*TASK INSTRUCTIONS:* Please set down exactly the lines of the listing below from the line containing "Honda Civic Type" through the line containing "Lovisa - Sterling Silver Twist Hoop Earrings", both lines included, leaving out all other lines.

*SOURCE DATA:*

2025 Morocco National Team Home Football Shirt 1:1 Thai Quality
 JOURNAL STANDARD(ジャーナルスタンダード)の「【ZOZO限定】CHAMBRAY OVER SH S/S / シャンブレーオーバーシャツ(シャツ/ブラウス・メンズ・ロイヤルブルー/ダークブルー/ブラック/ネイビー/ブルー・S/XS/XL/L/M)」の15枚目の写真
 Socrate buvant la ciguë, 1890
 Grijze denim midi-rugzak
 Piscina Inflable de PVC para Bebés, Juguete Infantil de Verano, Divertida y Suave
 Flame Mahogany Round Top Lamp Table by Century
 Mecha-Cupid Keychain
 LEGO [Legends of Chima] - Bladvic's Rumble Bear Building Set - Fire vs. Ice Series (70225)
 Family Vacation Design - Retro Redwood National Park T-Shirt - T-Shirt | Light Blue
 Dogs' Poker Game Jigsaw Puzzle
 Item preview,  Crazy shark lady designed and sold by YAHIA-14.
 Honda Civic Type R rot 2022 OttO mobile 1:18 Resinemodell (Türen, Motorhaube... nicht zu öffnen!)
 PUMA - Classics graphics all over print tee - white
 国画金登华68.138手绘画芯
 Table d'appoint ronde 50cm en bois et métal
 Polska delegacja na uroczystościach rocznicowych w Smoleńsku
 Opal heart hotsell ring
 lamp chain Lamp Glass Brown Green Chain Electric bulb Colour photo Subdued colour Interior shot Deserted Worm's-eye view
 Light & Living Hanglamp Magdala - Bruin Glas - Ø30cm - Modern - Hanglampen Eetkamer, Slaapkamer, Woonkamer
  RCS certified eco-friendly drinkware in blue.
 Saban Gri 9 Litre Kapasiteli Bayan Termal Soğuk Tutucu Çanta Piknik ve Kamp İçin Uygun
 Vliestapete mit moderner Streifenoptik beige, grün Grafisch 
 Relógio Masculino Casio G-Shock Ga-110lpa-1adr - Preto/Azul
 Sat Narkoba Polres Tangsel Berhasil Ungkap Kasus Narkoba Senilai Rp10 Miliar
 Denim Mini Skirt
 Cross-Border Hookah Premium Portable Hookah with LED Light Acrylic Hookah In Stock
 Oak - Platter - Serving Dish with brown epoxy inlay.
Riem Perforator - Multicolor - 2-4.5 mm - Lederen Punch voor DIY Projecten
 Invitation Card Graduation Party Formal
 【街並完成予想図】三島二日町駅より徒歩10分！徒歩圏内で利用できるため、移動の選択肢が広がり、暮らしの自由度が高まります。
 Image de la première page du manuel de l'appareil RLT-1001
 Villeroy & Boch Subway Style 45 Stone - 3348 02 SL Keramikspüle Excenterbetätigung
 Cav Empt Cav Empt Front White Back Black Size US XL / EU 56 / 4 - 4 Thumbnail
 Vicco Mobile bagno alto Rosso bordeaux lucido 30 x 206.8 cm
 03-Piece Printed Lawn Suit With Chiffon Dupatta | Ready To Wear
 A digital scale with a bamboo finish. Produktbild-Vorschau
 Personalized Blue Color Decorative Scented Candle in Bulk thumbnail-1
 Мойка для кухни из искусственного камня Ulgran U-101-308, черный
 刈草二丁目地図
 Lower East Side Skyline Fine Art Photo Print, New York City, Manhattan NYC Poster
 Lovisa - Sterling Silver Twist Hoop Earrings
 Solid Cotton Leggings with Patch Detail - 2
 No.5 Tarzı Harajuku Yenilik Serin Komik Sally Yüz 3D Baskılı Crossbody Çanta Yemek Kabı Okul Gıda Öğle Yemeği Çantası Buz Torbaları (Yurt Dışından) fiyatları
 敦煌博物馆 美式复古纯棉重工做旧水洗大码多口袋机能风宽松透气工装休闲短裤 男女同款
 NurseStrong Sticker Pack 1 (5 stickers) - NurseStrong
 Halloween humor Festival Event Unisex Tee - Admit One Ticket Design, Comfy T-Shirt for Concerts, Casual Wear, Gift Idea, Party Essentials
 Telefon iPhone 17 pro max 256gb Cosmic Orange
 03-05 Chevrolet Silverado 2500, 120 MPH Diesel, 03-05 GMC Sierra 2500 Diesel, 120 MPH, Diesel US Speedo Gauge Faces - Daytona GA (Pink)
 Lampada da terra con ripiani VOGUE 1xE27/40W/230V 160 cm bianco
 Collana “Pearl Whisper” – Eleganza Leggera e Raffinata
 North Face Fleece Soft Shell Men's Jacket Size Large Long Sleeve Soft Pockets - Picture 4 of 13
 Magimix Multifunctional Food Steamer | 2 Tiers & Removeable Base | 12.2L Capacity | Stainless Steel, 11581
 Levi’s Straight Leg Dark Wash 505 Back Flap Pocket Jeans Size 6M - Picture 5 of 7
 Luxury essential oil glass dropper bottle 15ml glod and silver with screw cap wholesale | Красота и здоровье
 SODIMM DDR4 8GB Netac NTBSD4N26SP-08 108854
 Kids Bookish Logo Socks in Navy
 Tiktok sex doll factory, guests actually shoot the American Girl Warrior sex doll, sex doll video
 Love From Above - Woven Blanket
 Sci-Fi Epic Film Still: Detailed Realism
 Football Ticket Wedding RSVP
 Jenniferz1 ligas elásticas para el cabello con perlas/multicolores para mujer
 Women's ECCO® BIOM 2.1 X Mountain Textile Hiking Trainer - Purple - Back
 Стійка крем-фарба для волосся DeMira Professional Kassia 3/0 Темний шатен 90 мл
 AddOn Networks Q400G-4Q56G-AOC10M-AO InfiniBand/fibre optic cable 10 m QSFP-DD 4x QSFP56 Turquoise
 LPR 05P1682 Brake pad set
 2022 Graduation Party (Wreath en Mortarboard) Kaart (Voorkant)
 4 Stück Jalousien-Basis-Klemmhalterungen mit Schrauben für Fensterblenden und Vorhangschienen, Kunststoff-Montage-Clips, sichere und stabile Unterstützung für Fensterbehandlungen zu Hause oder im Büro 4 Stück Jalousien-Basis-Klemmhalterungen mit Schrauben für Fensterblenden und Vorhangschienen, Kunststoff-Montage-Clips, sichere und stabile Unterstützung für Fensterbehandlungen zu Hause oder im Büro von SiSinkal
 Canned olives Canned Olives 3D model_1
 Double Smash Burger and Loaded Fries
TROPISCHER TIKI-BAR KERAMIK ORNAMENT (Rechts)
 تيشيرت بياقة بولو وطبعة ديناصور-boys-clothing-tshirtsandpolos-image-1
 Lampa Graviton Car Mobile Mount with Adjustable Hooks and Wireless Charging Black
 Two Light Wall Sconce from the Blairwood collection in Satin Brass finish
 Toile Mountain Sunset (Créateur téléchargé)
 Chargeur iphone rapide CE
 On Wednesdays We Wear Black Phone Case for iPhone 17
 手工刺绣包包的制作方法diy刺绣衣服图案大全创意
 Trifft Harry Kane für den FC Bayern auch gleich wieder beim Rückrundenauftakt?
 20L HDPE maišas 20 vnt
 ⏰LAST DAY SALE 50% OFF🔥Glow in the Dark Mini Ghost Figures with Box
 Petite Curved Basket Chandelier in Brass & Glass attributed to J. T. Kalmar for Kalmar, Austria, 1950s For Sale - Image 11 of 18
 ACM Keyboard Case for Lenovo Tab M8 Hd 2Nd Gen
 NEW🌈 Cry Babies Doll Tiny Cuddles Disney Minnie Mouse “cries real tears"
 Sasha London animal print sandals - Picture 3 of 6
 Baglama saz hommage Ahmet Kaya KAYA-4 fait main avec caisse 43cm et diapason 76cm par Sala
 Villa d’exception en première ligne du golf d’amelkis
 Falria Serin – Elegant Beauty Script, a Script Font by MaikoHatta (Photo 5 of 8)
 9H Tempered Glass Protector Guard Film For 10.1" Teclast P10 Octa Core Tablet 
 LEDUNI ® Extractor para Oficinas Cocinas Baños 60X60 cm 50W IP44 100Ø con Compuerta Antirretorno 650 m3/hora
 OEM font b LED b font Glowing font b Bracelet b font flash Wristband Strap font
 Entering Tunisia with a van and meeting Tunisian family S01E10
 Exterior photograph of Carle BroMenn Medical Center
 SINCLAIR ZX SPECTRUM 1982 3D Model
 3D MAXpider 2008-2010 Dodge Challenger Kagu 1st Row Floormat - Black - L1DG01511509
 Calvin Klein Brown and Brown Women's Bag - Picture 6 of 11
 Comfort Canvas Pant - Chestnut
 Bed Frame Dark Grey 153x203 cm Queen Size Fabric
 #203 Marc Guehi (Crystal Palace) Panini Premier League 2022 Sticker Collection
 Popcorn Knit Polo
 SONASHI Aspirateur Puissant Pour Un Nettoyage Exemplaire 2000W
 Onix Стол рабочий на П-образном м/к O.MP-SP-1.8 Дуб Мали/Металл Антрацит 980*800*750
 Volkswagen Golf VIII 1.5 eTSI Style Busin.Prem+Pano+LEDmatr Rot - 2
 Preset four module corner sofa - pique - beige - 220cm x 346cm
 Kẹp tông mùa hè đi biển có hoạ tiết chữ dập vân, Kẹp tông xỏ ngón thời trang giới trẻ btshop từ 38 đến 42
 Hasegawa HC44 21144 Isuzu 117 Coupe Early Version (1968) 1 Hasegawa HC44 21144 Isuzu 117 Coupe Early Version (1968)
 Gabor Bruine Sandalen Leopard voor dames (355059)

*FINAL ANSWER:*
 Honda Civic Type R rot 2022 OttO mobile 1:18 Resinemodell (Türen, Motorhaube... nicht zu öffnen!)
 PUMA - Classics graphics all over print tee - white
 国画金登华68.138手绘画芯
 Table d'appoint ronde 50cm en bois et métal
 Polska delegacja na uroczystościach rocznicowych w Smoleńsku
 Opal heart hotsell ring
 lamp chain Lamp Glass Brown Green Chain Electric bulb Colour photo Subdued colour Interior shot Deserted Worm's-eye view
 Light & Living Hanglamp Magdala - Bruin Glas - Ø30cm - Modern - Hanglampen Eetkamer, Slaapkamer, Woonkamer
  RCS certified eco-friendly drinkware in blue.
 Saban Gri 9 Litre Kapasiteli Bayan Termal Soğuk Tutucu Çanta Piknik ve Kamp İçin Uygun
 Vliestapete mit moderner Streifenoptik beige, grün Grafisch 
 Relógio Masculino Casio G-Shock Ga-110lpa-1adr - Preto/Azul
 Sat Narkoba Polres Tangsel Berhasil Ungkap Kasus Narkoba Senilai Rp10 Miliar
 Denim Mini Skirt
 Cross-Border Hookah Premium Portable Hookah with LED Light Acrylic Hookah In Stock
 Oak - Platter - Serving Dish with brown epoxy inlay.
Riem Perforator - Multicolor - 2-4.5 mm - Lederen Punch voor DIY Projecten
 Invitation Card Graduation Party Formal
 【街並完成予想図】三島二日町駅より徒歩10分！徒歩圏内で利用できるため、移動の選択肢が広がり、暮らしの自由度が高まります。
 Image de la première page du manuel de l'appareil RLT-1001
 Villeroy & Boch Subway Style 45 Stone - 3348 02 SL Keramikspüle Excenterbetätigung
 Cav Empt Cav Empt Front White Back Black Size US XL / EU 56 / 4 - 4 Thumbnail
 Vicco Mobile bagno alto Rosso bordeaux lucido 30 x 206.8 cm
 03-Piece Printed Lawn Suit With Chiffon Dupatta | Ready To Wear
 A digital scale with a bamboo finish. Produktbild-Vorschau
 Personalized Blue Color Decorative Scented Candle in Bulk thumbnail-1
 Мойка для кухни из искусственного камня Ulgran U-101-308, черный
 刈草二丁目地図
 Lower East Side Skyline Fine Art Photo Print, New York City, Manhattan NYC Poster
 Lovisa - Sterling Silver Twist Hoop Earrings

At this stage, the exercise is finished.